** Opening RECORDS FOR THE EXERCISE block **
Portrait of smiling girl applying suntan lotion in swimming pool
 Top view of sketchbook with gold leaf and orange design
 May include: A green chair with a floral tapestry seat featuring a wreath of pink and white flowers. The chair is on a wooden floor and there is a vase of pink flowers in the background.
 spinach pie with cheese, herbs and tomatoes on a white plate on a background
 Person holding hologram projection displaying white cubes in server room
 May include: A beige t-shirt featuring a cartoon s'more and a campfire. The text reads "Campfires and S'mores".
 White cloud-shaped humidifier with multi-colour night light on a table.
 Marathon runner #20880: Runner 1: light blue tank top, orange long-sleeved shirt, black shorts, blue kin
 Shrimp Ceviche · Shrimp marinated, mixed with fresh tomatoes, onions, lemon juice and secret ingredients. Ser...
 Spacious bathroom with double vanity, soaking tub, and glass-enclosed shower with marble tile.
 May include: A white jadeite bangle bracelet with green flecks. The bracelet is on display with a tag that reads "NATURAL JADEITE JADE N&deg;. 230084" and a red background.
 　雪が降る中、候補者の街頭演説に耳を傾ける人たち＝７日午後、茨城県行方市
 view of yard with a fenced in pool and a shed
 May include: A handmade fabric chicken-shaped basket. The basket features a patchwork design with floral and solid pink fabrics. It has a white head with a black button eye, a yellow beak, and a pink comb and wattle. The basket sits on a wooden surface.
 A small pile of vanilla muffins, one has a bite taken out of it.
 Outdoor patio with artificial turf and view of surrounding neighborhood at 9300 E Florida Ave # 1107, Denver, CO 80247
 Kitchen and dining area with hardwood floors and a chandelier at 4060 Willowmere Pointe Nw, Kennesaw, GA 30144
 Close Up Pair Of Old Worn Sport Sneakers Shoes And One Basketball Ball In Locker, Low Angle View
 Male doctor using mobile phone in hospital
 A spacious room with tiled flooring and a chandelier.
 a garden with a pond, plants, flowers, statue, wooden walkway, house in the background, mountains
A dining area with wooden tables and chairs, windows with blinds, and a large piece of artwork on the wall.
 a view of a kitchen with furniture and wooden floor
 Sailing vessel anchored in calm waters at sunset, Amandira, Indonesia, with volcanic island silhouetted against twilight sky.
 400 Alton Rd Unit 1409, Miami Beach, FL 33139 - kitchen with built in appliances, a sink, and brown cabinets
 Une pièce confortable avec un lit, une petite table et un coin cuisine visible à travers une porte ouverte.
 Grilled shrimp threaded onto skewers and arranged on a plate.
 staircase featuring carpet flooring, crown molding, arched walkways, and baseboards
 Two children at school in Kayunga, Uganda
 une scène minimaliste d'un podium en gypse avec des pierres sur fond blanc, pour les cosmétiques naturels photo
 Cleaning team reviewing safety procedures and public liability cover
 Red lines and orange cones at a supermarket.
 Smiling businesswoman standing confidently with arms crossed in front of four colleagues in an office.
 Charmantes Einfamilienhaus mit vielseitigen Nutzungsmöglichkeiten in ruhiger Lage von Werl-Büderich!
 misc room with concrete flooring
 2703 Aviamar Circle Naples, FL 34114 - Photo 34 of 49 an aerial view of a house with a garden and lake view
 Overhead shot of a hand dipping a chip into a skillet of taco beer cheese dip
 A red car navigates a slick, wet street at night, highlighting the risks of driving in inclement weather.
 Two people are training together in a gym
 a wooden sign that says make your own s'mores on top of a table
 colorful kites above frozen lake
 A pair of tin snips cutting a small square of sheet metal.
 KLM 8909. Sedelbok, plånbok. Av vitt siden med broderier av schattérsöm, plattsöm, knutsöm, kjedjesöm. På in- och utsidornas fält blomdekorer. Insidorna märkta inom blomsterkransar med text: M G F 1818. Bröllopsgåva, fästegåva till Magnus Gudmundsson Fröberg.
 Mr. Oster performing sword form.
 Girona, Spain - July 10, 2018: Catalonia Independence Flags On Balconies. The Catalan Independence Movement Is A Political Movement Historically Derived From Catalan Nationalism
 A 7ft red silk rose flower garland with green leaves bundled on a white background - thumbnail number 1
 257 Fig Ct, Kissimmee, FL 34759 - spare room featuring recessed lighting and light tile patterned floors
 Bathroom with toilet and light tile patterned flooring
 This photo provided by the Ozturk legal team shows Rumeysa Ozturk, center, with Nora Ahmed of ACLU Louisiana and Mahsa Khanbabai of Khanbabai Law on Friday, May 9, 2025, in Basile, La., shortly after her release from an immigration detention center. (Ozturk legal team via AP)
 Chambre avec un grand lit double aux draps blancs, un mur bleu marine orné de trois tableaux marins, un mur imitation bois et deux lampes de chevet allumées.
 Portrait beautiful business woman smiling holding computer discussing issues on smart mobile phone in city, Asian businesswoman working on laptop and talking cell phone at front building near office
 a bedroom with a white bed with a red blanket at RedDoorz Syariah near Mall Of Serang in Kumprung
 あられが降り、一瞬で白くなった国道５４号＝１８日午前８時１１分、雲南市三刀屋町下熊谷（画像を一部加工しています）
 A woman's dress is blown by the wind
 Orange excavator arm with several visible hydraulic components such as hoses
** Closing RECORDS FOR THE EXERCISE block **
* [PROBLEM STATEMENT]: Each line that holds the word "plate" should be extracted from the records.

* [SOLVED EXERCISE]:
 spinach pie with cheese, herbs and tomatoes on a white plate on a background
 Grilled shrimp threaded onto skewers and arranged on a plate.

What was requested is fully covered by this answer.